We have a Druid datasource consuming from Kafka. We use thetasketch metrics for few approx count use cases. We started off with 4 theta sketch metrics and now have around 10 thetasketch metrics in a single data source. We updated the schema with few more dimensions (not really high cardinality) And of course the sizes of the segments have grown bigger with the new changes. The compaction tasks have started failing lately (with peon heap is 12G & MaxDirectMemory is 2.5G).
With this situation in mind, I have the following questions:
- Is there any guideline with respect to having theta sketch metrics in a Druid data source? such as the max or recommended number of theta sketch metric per data source? And any other tips/optimization for thetasketch metrics?

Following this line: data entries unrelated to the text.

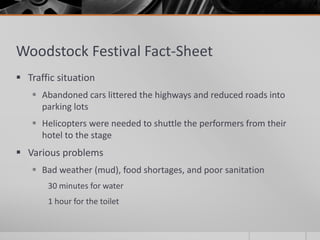 Woodstock Festival Fact-Sheet
 Traffic situation
 Abandoned cars littered the highways and reduced roads into
parking lots
 Helicopters were needed to shuttle the performers from their
hotel to the stage
 Various problems
 Bad weather (mud), food shortages, and poor sanitation
30 minutes for water
1 hour for the toilet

- Druid doc mentions to aim for a segment size of 300-700 MB in size. Is this a hard limit? The reason why I am asking this is, if a data source has grown big (with new dimension additions & new thetasketch metrics addition), if I aim for a segment (post compaction) to be in the range of 300-700 MB, the total number of segments may possibly be in the range of 20-30. However, if the size per segment is not a hard limit, I can have the total number of segments in the range of 10-15 (post compaction) having approximately 1GB as the segment size instead of 300-700MB. Which of these options is preferred/recommended? I used to think having fewer number of segments is better since the number segments that will be accessed/read on a query will be far less but then again a single thread will have to read 1GB of data.
- The compaction tasks are failing with memory related error (OOM: Direct buffer). Is increasing the MaxDirectMemory the only way?